Whether to use DRAM or Flash will be a function of degree of data volume and problem complexity. No longer will inclusion of storage tiers be simply a hardware platform design decision; it will also become a configuration decision for application designers as well.

The Odd Couple: Hadoop and Data Security

Until now, security wasn’t a term that would normally be associated with Hadoop. Hadoop was originally conceived for a trusted environment, where the user base was confined to a small elite set of advanced programmers or statisticians and the data was largely weblogs. But as Hadoop crosses over to the enterprise, the concern is that many enterprises will want to store pretty sensitive data.

So what stood for Hadoop security up till now was using Kerberos to authenticate users for firing up remote clusters if the local ones were already used; accessing specific MapReduce tasks; applying coarse-grained access control to HDFS files or directories; or providing authorization to run Hive metadata tasks.

Security is a headache for even the most established enterprise systems. But getting beyond concern about Trojan Horses and other incursions, there is a laundry list of capabilities that are expected with any enterprise data store. There are the “three As” of Authorization, Access, and Authentication; there is the concern over the sanctity of the data; and there may be requirements for restricting access based on workload type and capacity utilization concerns. Clearly there are many missing pieces for Hadoop waiting to fall into place.

For starters, Hadoop is not a monolithic system, but a collection of modules that correspond to open source projects or vendor proprietary extensions. Until now the only single mechanism has been Kerberos tokens for authenticating users to different Hadoop components, but only standalone mechanisms for admitting named users (e.g. to Hive metadata stores). You could restrict user access at file system or directory level, but for the most part such measures are only useful for preventing accidental erasures. And when it comes to monitoring the system (e.g., JobTracker, TaskTracker), you can do so from insecure web clients.
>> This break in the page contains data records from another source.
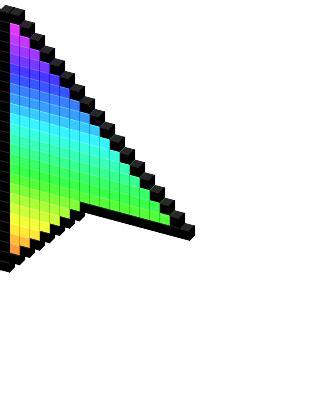 Big Rainbow Cursor Cursor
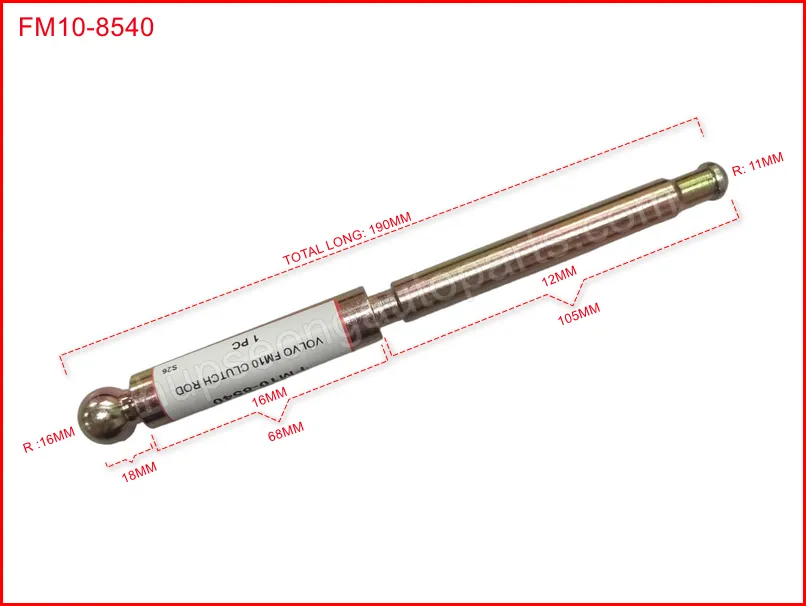 VOLVO FM10 CLUTCH ROD ADJUSTER (FM10-8540)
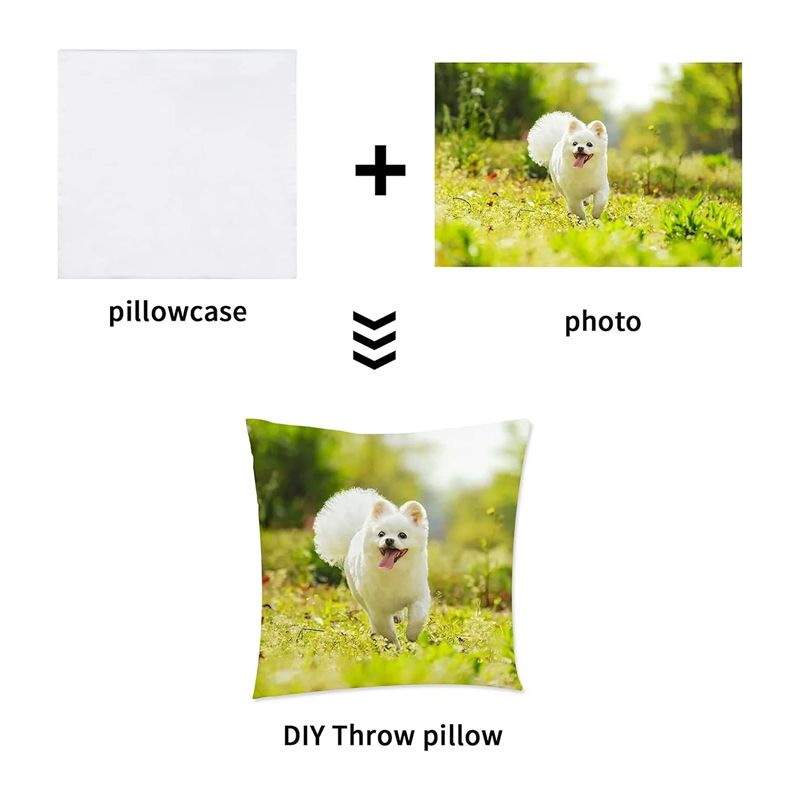 SEWS-15 Piece Sublimation Blan - Pillow Cover Sublimation ulasan dan harga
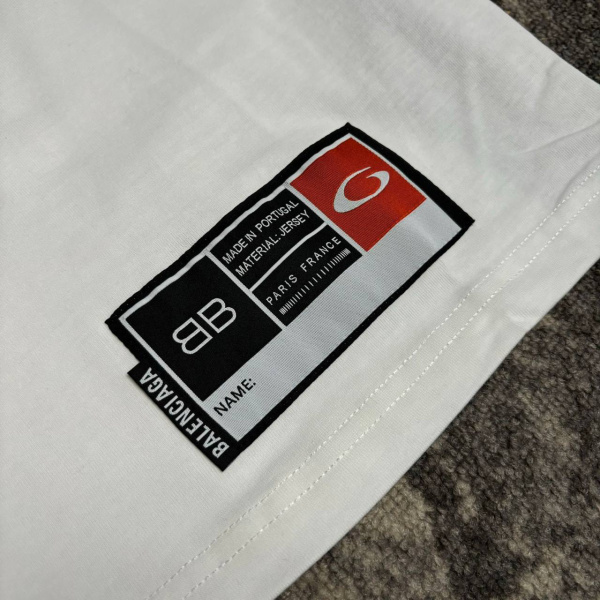 МУЖСКАЯ ФУТБОЛКА BALENCIAGA  74110 фото анонса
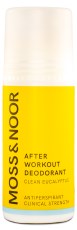 Miniatyrbild Moss & Noor After Workout Deodorant, 60 ml, Clean Eucalyptus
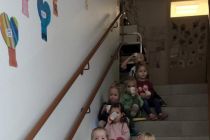 Vonj zelišč v vrtcu Mala Nedelja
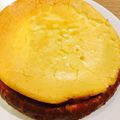 いーらちか's cooksnap of when they made 栗原はるみさんのベイクドチーズケーキ.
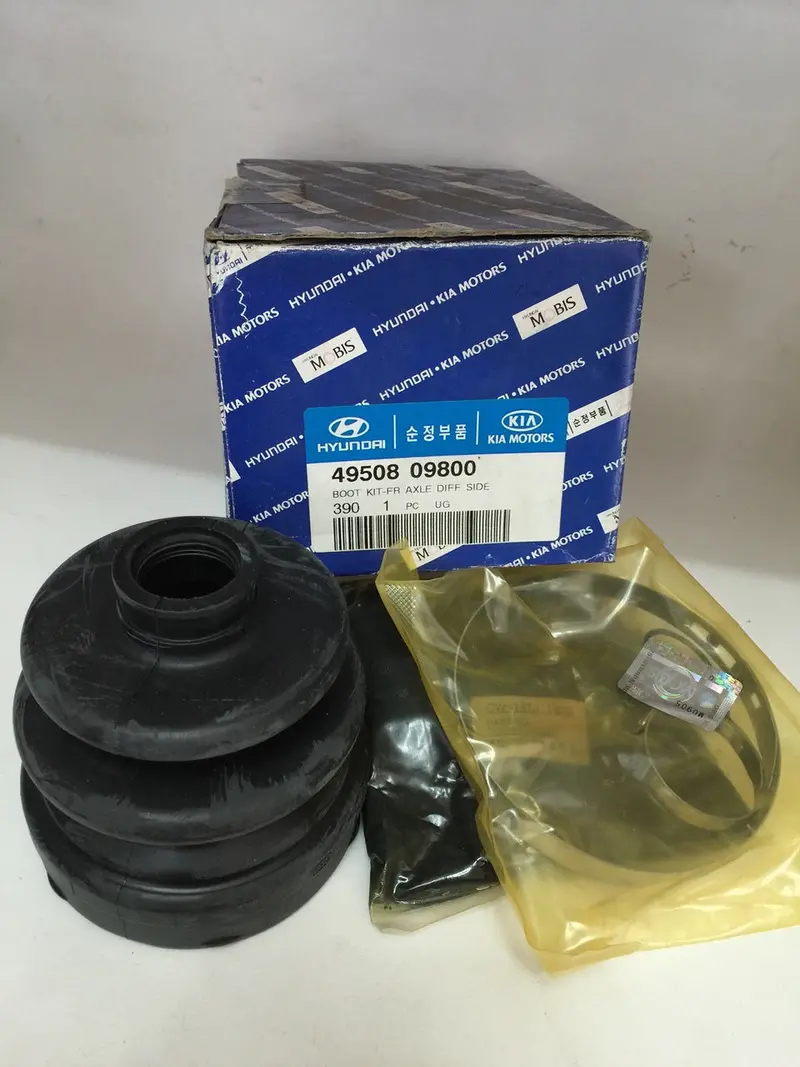 4950809800 Genuine Front Axle Diff Side Boot Kit For Hyundai Sonata, Granduer, Trajet?#J, Sb-02-Box1 1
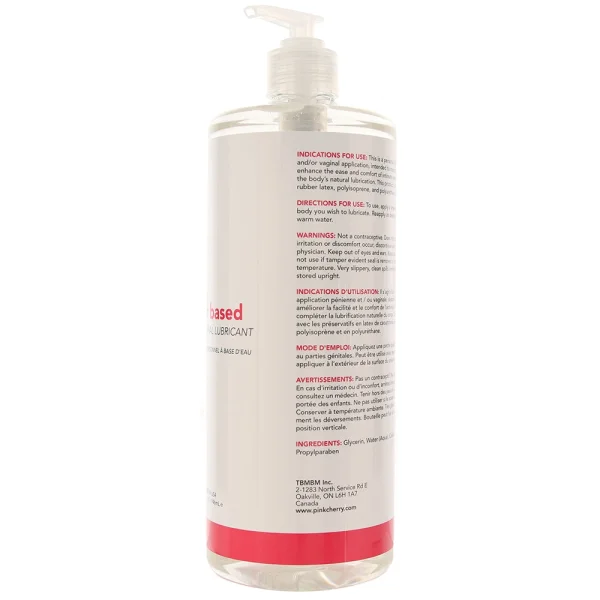 PinkCherry Water Based  Lubricant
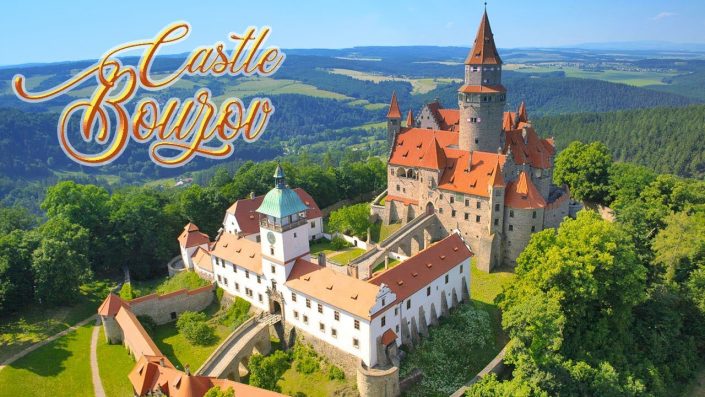 Moravia Part 2 – Bouzov Castle!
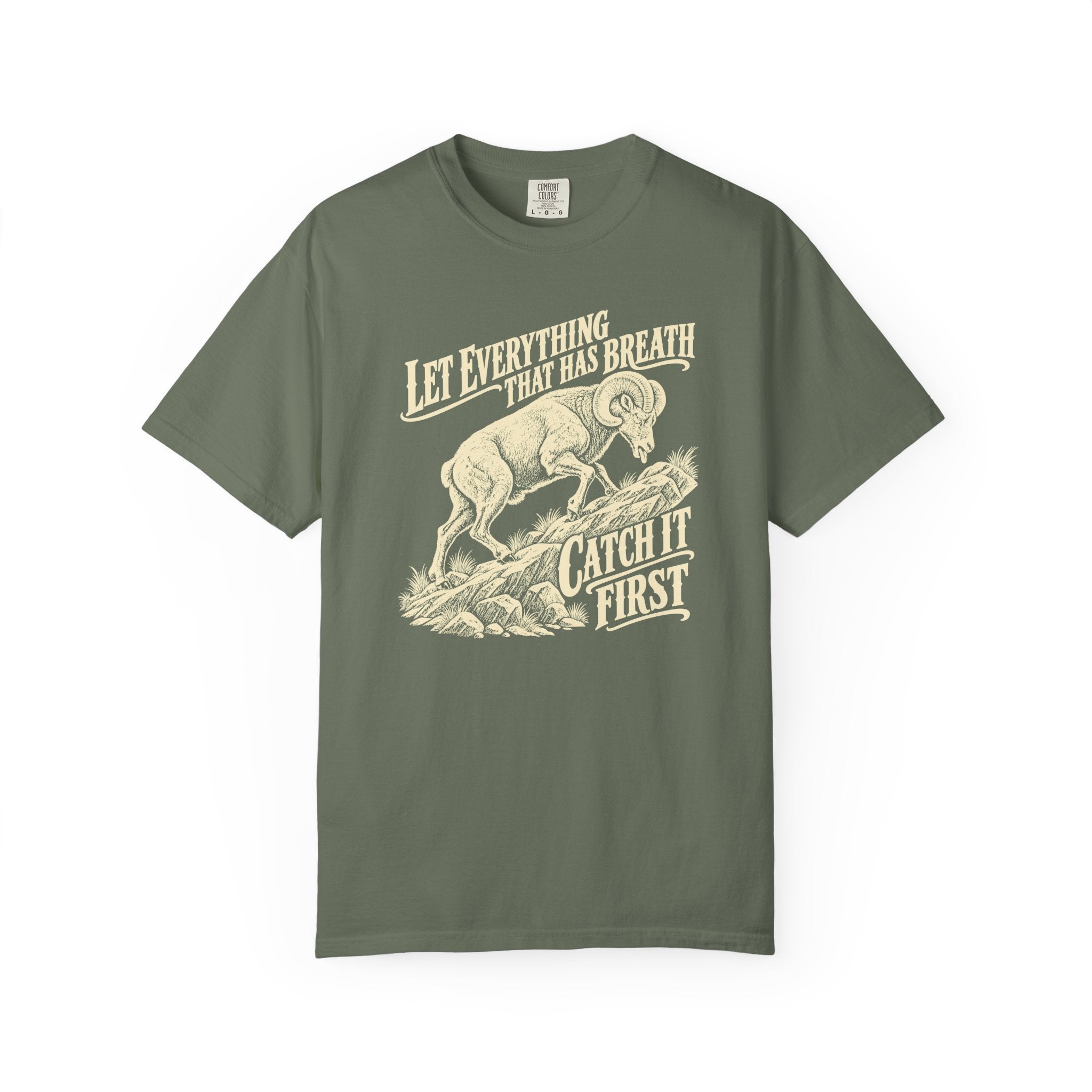 Catch Your Breath First T-Shirt
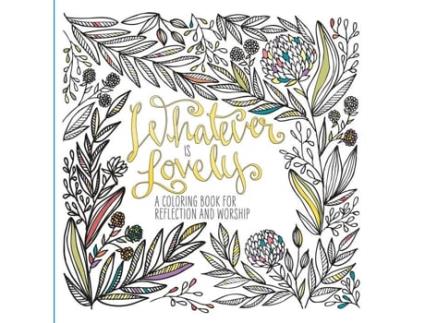 Livro Whatever Is Lovely de Waterbrook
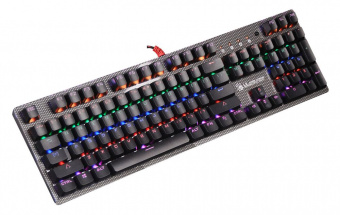 Клавиатура A4Tech Bloody B810R NetBee механическая черный USB Multimedia for gamer LED - купить недорого с доставкой в интернет-магазине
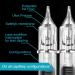 Yugui 1205RL Disposable Round Liner - Pack of 20 | Precision Tattoo Needles - Buy Online on GoSupps.com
There are more missing pieces concerning data, as nothing was built into the Apache project. There was no standard way for encrypting data, and neither was there any way for regulating who can have what kinds of privileges with which sets of data. Obviously, that matters when you transition from low level weblog data to handling names, account numbers, account balances or other personal data. And by the way, even low level machine data such as weblogs or from other devices that detect location grow sensitive when associated with people’s identities.

There’s a mix of activity on the open source and vendor proprietary sides for addressing the void. There are some projects at incubation stage within Apache, or awaiting Apache approval, for providing LDAP/Active Directory linked gateways (Knox), data lifecycle policies (Falcon), and APIs for processor-based encryption (Rhino). There’s also an NSA-related project for adding fine-grained data security (Accumulo) based on Google BigTable constructs. And Hive Server 2 will add the LDAP/AD integration that’s current missing.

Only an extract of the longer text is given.